- Official 1974 portrait

MP for Meadow Lake
- In office 1958–1972
- Preceded by: John Harrison
- Succeeded by: Eli Nesdoly
- In office 1974–1979
- Preceded by: Eli Nesdoly
- Succeeded by: district abolished

Personal details
- Born: 28 June 1903 Prince Albert, Saskatchewan
- Died: 31 October 1990 (aged 87) Saskatchewan, Canada
- Party: Progressive Conservative Party
- Occupation: contractor, farmer, rancher

= Bert Cadieu =

Canadian politician

Albert Charles Cadieu (28 June 1903 – 31 October 1990) was a Canadian politician.

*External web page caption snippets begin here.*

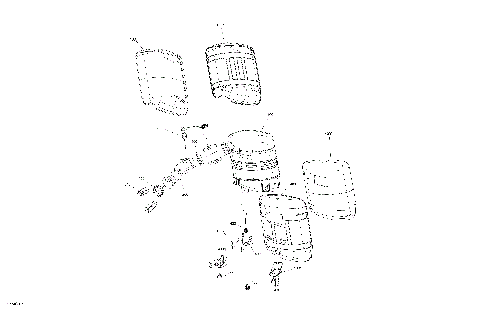 02- Engine - Exhaust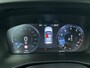 Volvo XC40 1.5 T2 Momentum | Navi | Climate pack | Park assist | Trekhaak |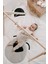 Polar Bear Play Mat + Gym 5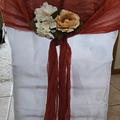 Review photo 4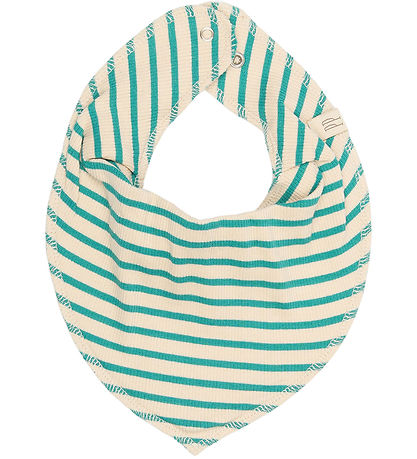 Petit Piao Teething Bib - 3-Pack - Modal - Bragon plane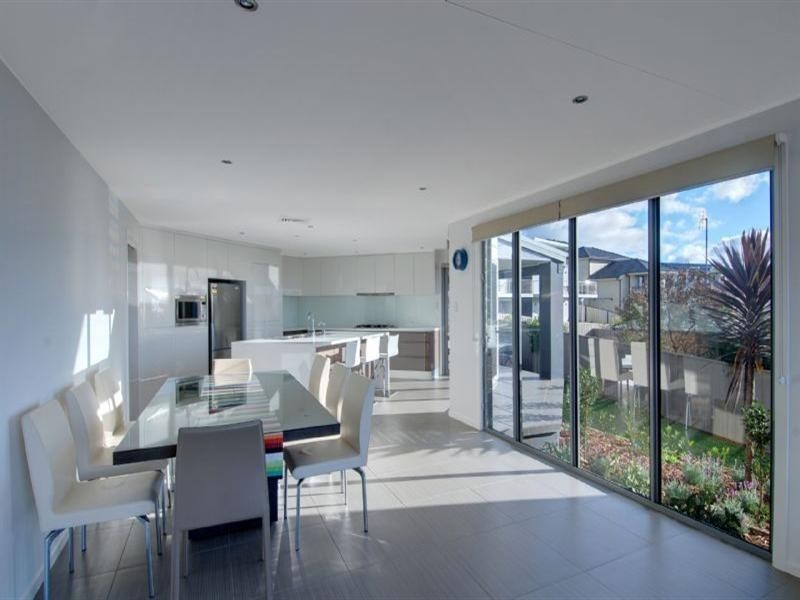 48 Old Saddleback Road, Kiama NSW 2533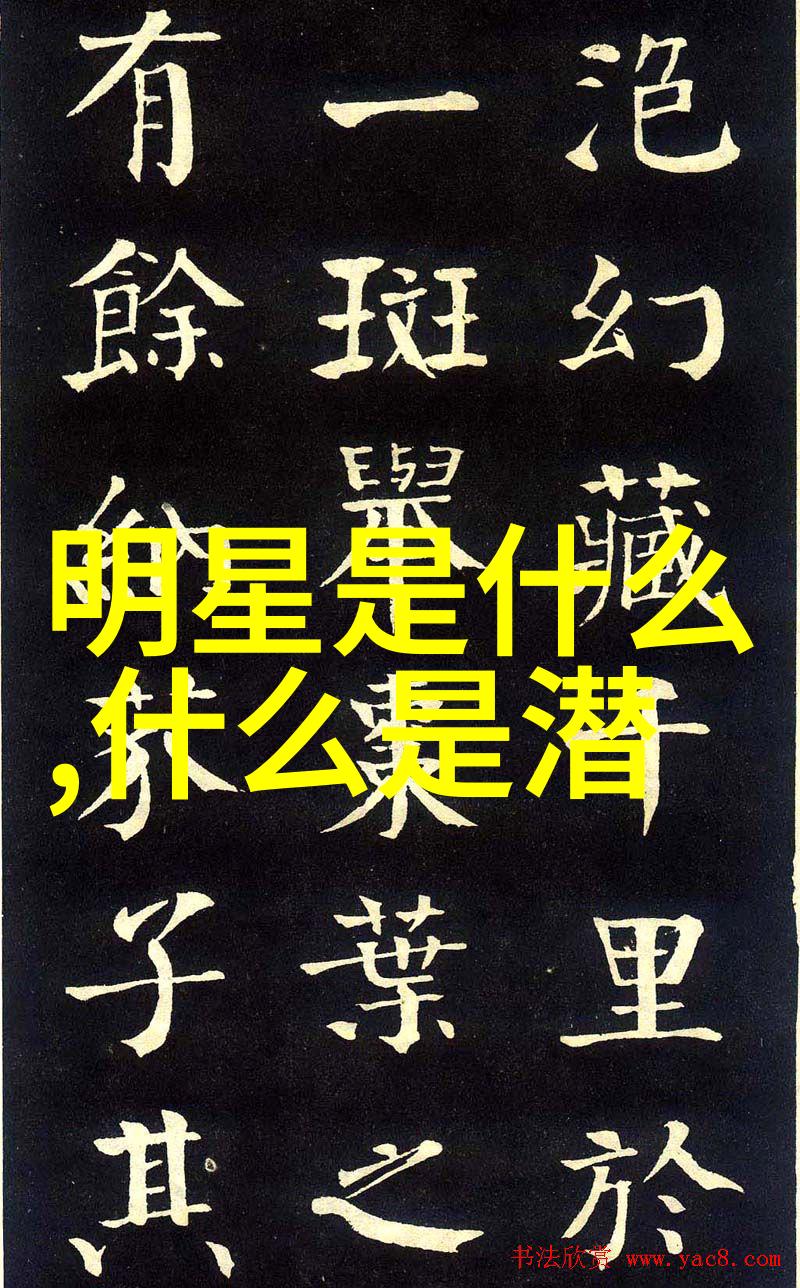 肯德基调侃中移动流量流量可以清零 鸡腿不会清零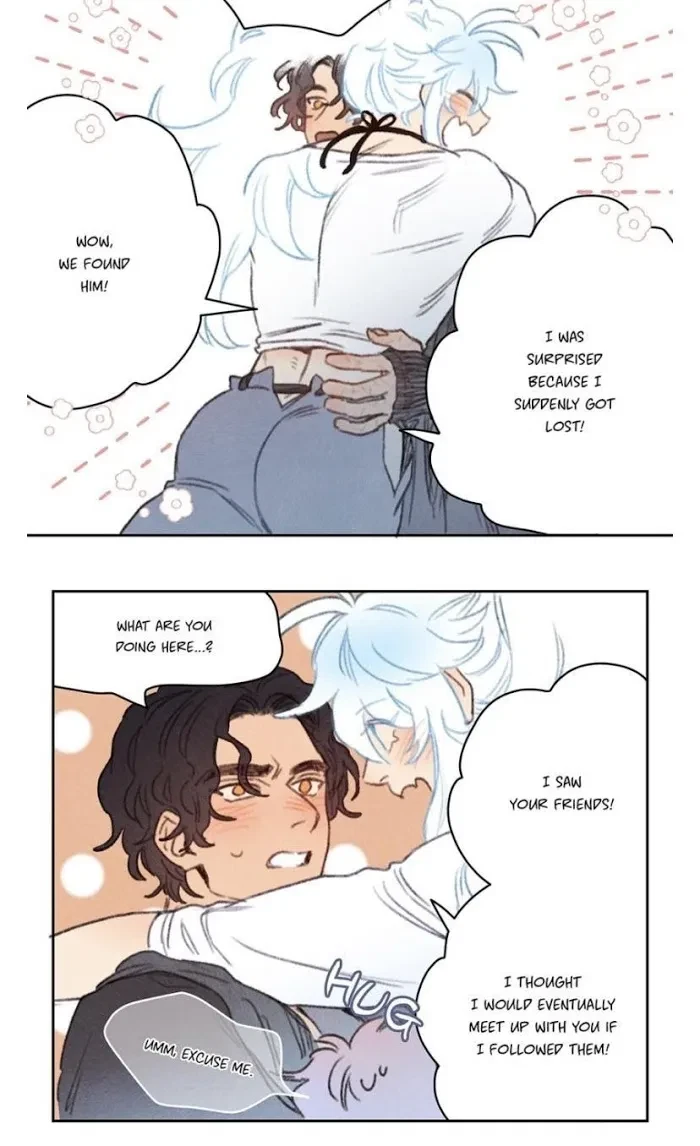 Chapter 47, page 10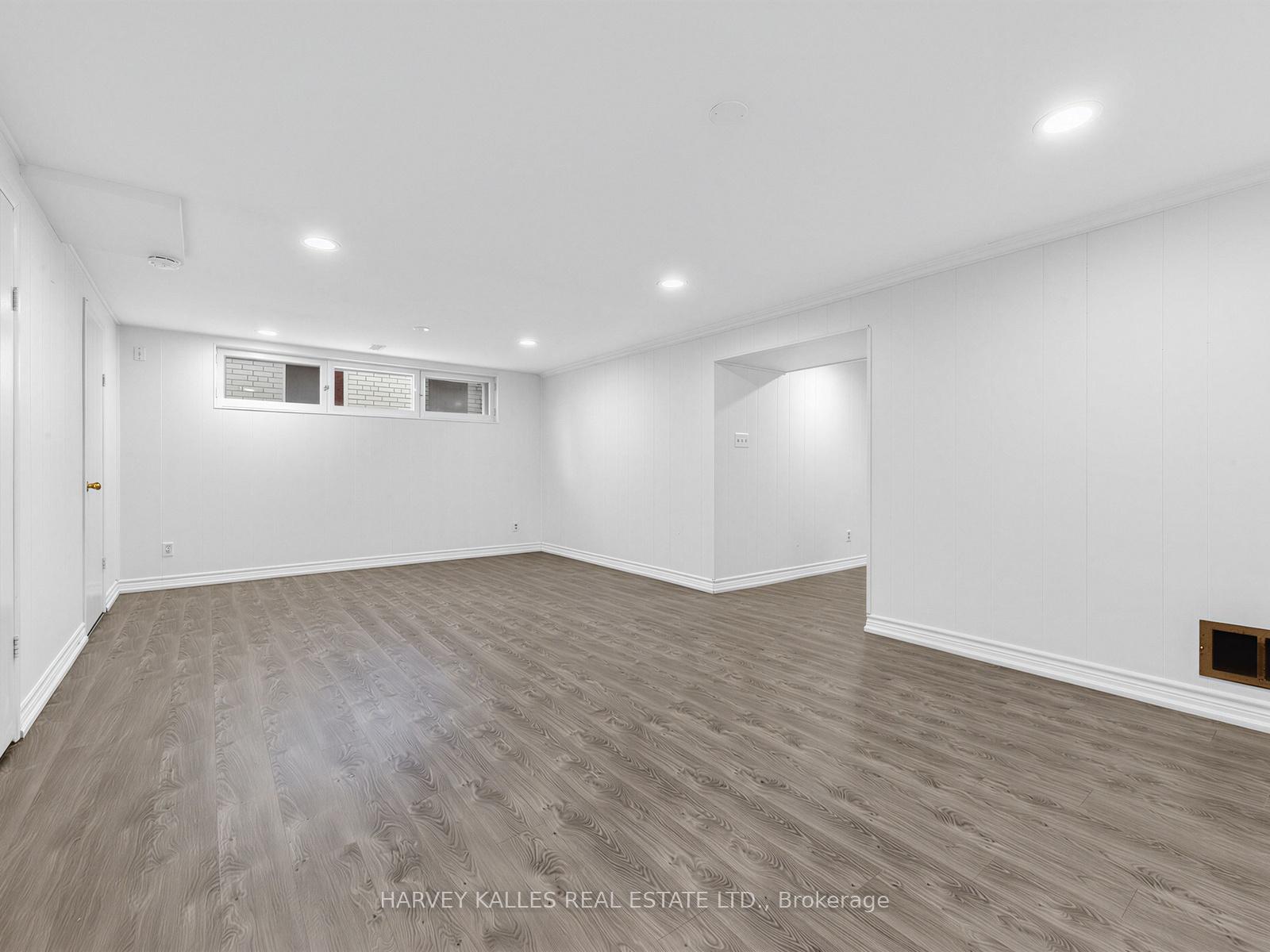 Photo of Unit Basement, 16 Terrydale Drive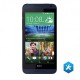 Remplacement ecran htc Desire 510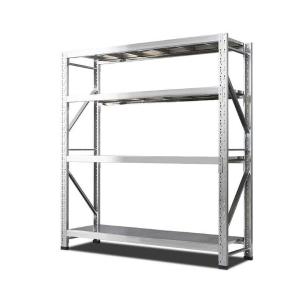 RJHJ-698商品缩略图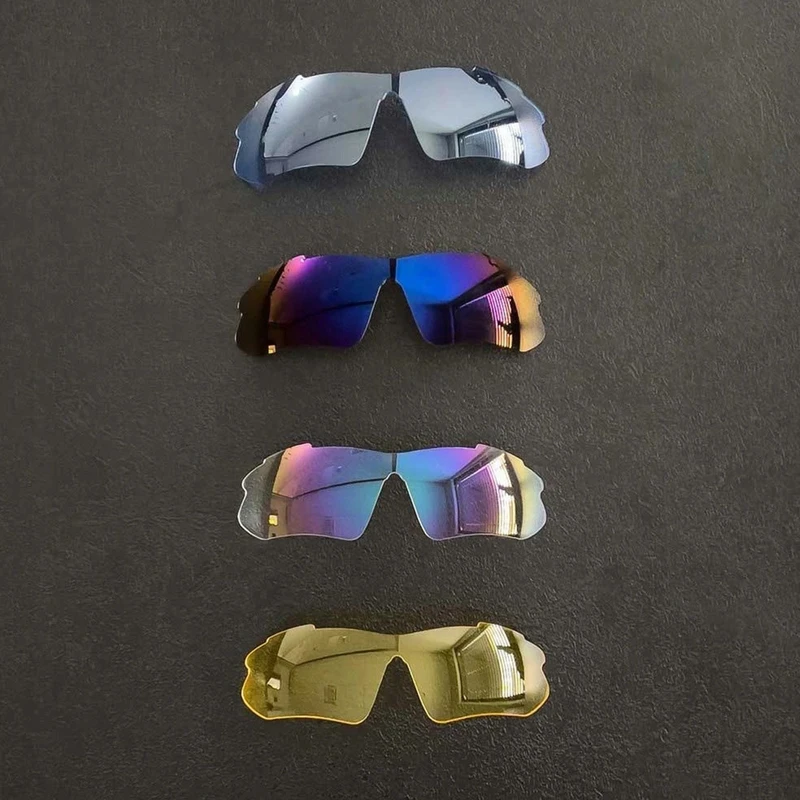 عینک دوچرخه سواری راک براس مدل 10003 کد 1764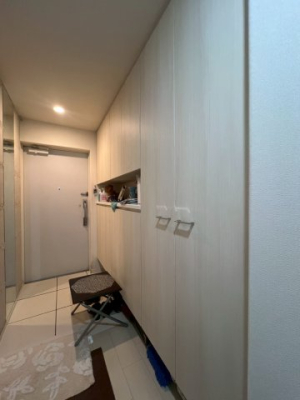 ���[ ���֎��[���[�����Ă��܂��B�l�X�Ȃ��̂����[�ł��܂��B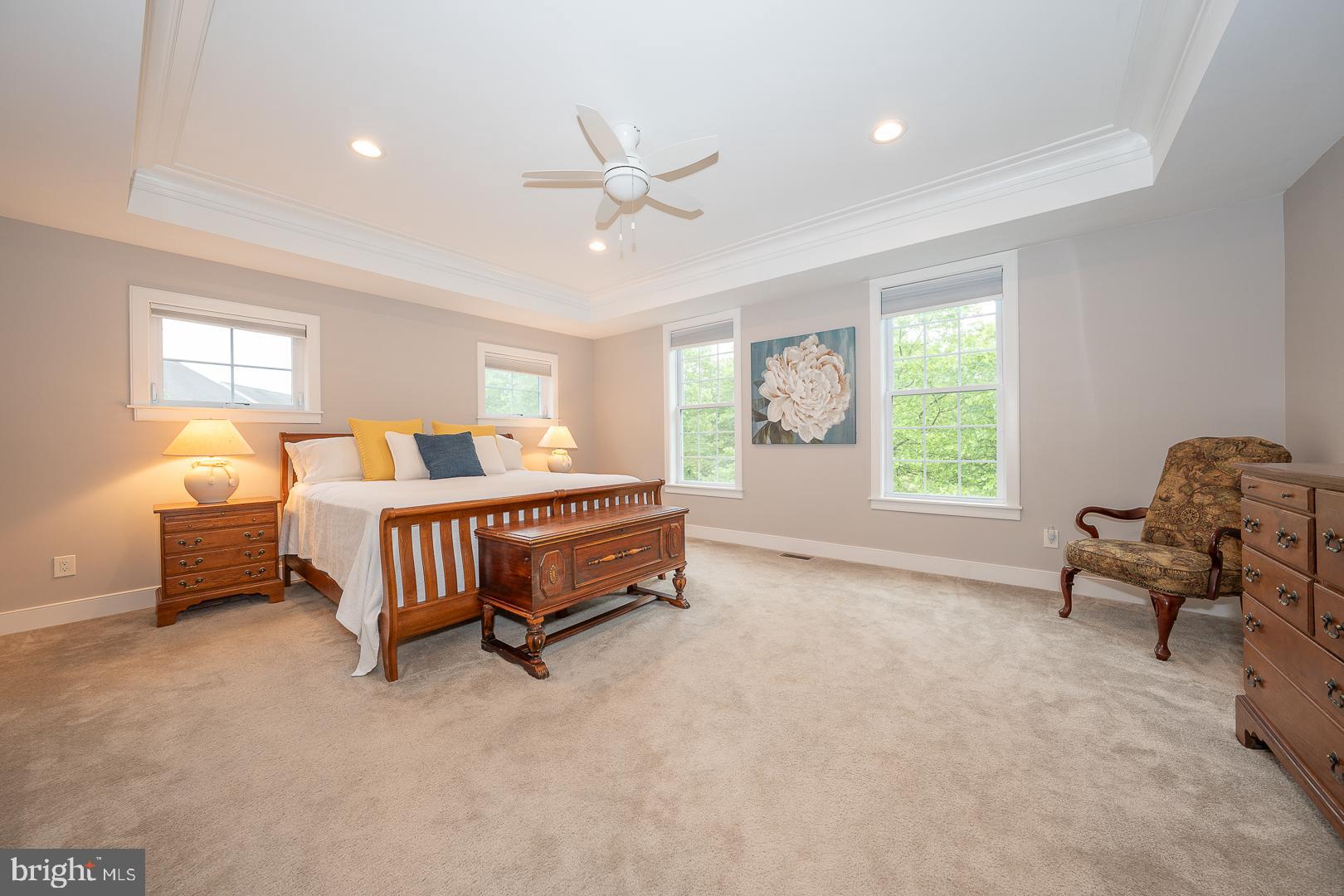 11 Ridings Way West Chester, PA 19382 - Photo 43 of 60 Gallery Image 43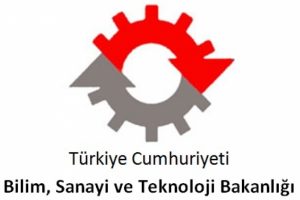 Bakanlık a&ccedil;ıkladı! O &uuml;r&uuml;nler tek tek toplatılıyor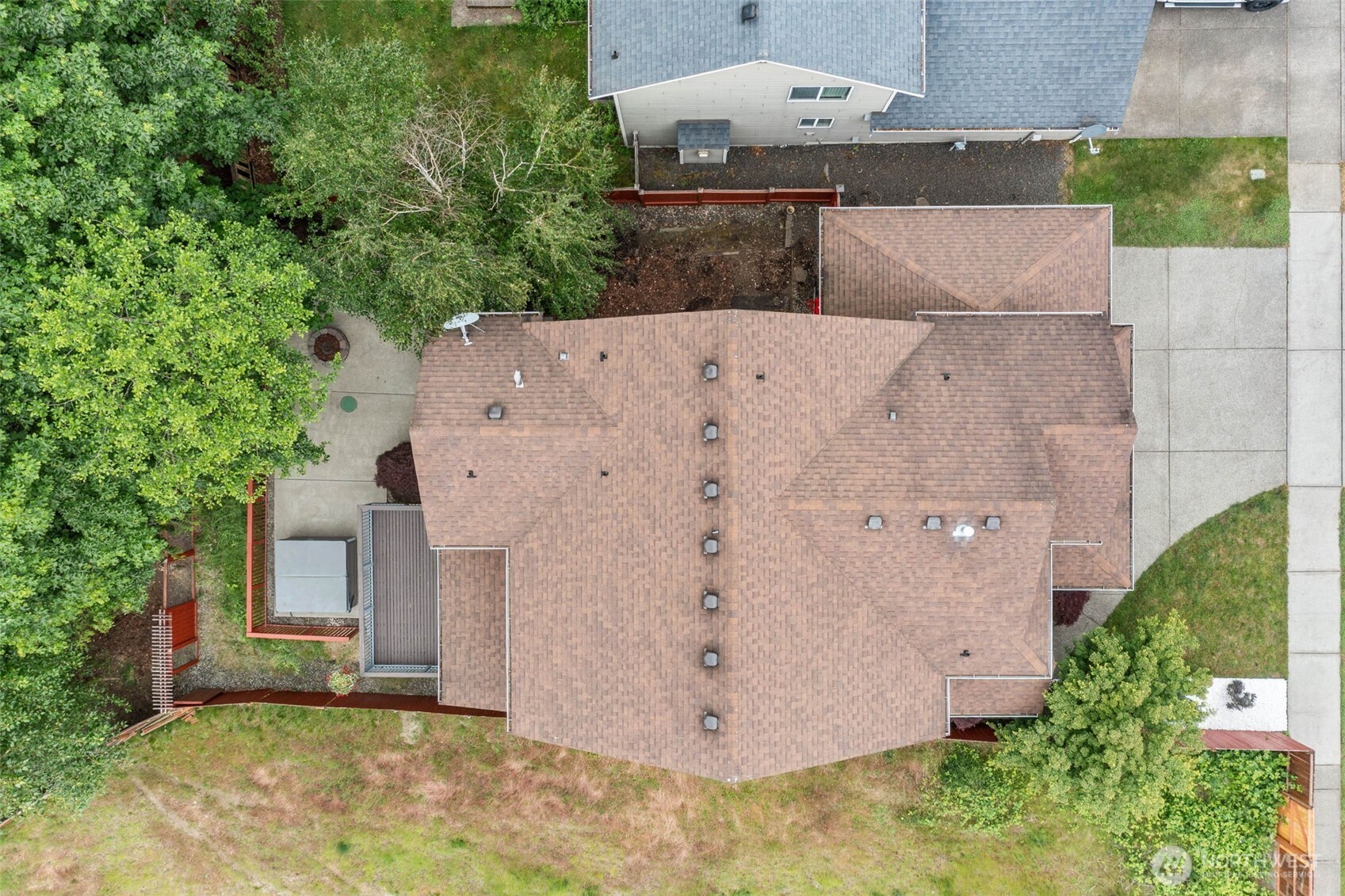 5337 Racca Drive SE Olympia WA 98513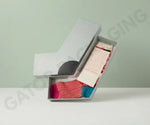 custom-socks-boxes-wholesale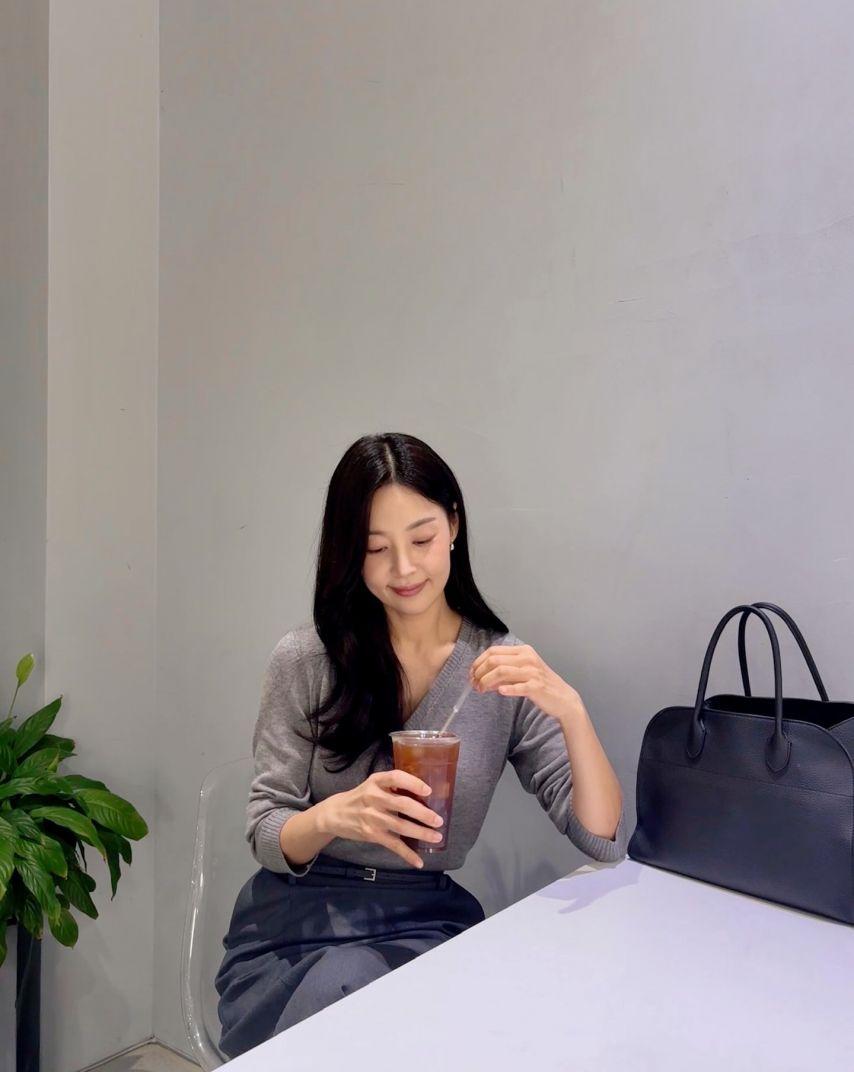 한지혜6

A member of the Progressive Conservative Party, he represented the electoral district of Meadow Lake in the House of Commons of Canada from 1958 to 1972, for the 24th through 28th Canadian Parliaments inclusive, and again during the 30th Parliament from 1974 to 1979. He served on many standing committees throughout his parliamentary career, including Agriculture; Fisheries; Indian Affairs and Northern Development; Mines, Forests and Water; and Transport and Communications.

== Archives ==
There is an Albert Cadieu fonds at Library and Archives Canada. Archival reference number is R5489.